9. The Directorate-General for Maritime Affairs and Fisheries announced a new EU-funded Mundus Masters programme "Blue Biotechnology Master for a Blue Career" set up by a consortium comprising La Rochelle University, Catholic University of Valencia, the University of Stirling, CIIMAR, the Conference of Peripheral and Maritime Regions, and two industry partners, Valbiotis and Xanthella. The postgraduate program follows a curriculum aimed at empowering students with blue biotechnology skills and has an initial intake of 40.

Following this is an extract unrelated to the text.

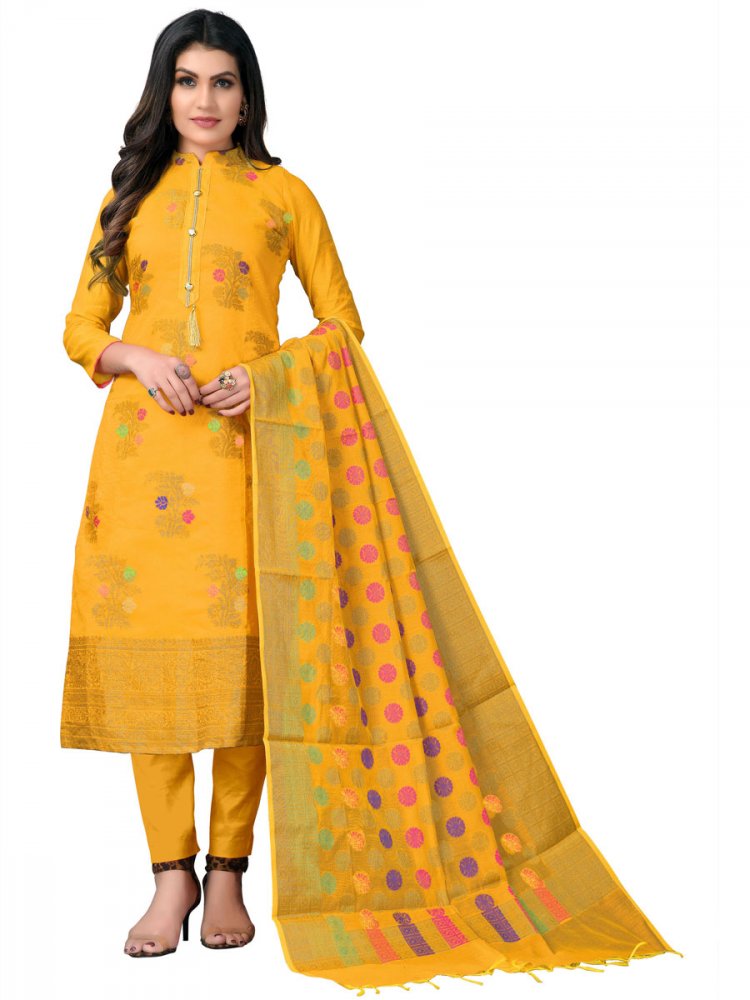 Golden Yellow Benarasi Jacquard Handwoven Festival Churidar Kameez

10. The Directorate-General for Maritime Affairs and Fisheries announced the latest edition of its Ocean Calls Podcast series which considers question: "Are Marine Protected Areas Working?" and "Should we eat wild or farmed Salmon?".

Fish Hygiene

11. During April 2023 there were 27 rapid alert notifications for fishery products. There were 5 rapid alert notifications for bivalve mollusc products, 1 rapid alert notifications for cephalopod products, 5 rapid alert notifications for crustacean products, 16 rapid alert notifications for other fishery products and no rapid alert notifications for gastropod products. Alerts included 3 consignments of oysters and 3 consignments of hake from France, 3 consignments of shrimp from Ecuador and 4 consignments of swordfish from Spain.

12. The Commission published a report of audit carried out in Nicaragua in November 2022 to assess the compliance of sanitary conditions applied to fishery products exported to the EU, and in particular to follow up on the recommendations of a previous audit conducted in 2020 which resulted in the suspension of exports and de-listing of several export establishments. The audit found that several recommendations concerning the export of lobsters had been implemented, but deficiencies were still evident in relation to ineffective controls over the use of sulphite additives in shrimps. Whilst laboratory testing facilities are available, the results are not available in time to permit correction of non-compliances. In addition, the audit noted deficiencies in establishments that had not been detected by the Competent Authority inspectors, who were considered to still have insufficient training. Even where serious uncorrected deficiencies were identified in some establishments, the Competent Authority maintained them in the list of authorised exporters. The Competent Authority, the Institute for Agricultural Protection and Health, was once again requested to provide a guarantee that an approved action plan would be implemented.

13. EFSA has re-evaluated the risk assessment on bisphenol A (BPA) based on 800 new studies published since January 2013. Their assessment finds that there is a health concern for consumers who are exposed across all age groups, and that this can have impacts on the human immune system, as well as affecting reproductive, developmental, and metabolic processes. BPA is used in plastics for the manufacture of water dispensers, various food storage containers and reusable beverage bottles. It is also used in epoxy resins used for protective coatings and linings for food cans and may migrate into the contents. The Commission will now consider what new risk management measures may be required.

14. The EU Food Fraud Newsletter for March 2023 indicated that the Mauritian authorities seized 3 tonnes of contraband fish. Italian authorities seized 3.6 tonnes of illegally fished seafood (including tuna) and 650 sea urchins without traceability documentation. Portuguese authorities also seized 8.5 tonnes of fresh and frozen octopus without traceability documentation.

15. The Commission has issued instructions for a coordinated multiannual control programme of the Union for 2024, 2025 and 2026 to ensure compliance with maximum residue levels of pesticides and to assess the consumer exposure to pesticide residues in and on food of plant and animal origin. The instruction follows EFSA's recommendations that a maximum residue level exceedance rate above 1 % could be estimated with a margin of error of 0,75 % by selecting 683 sample units for a minimum of 32 different products. On the basis of assessed risks, no aquaculture or fishery products are included.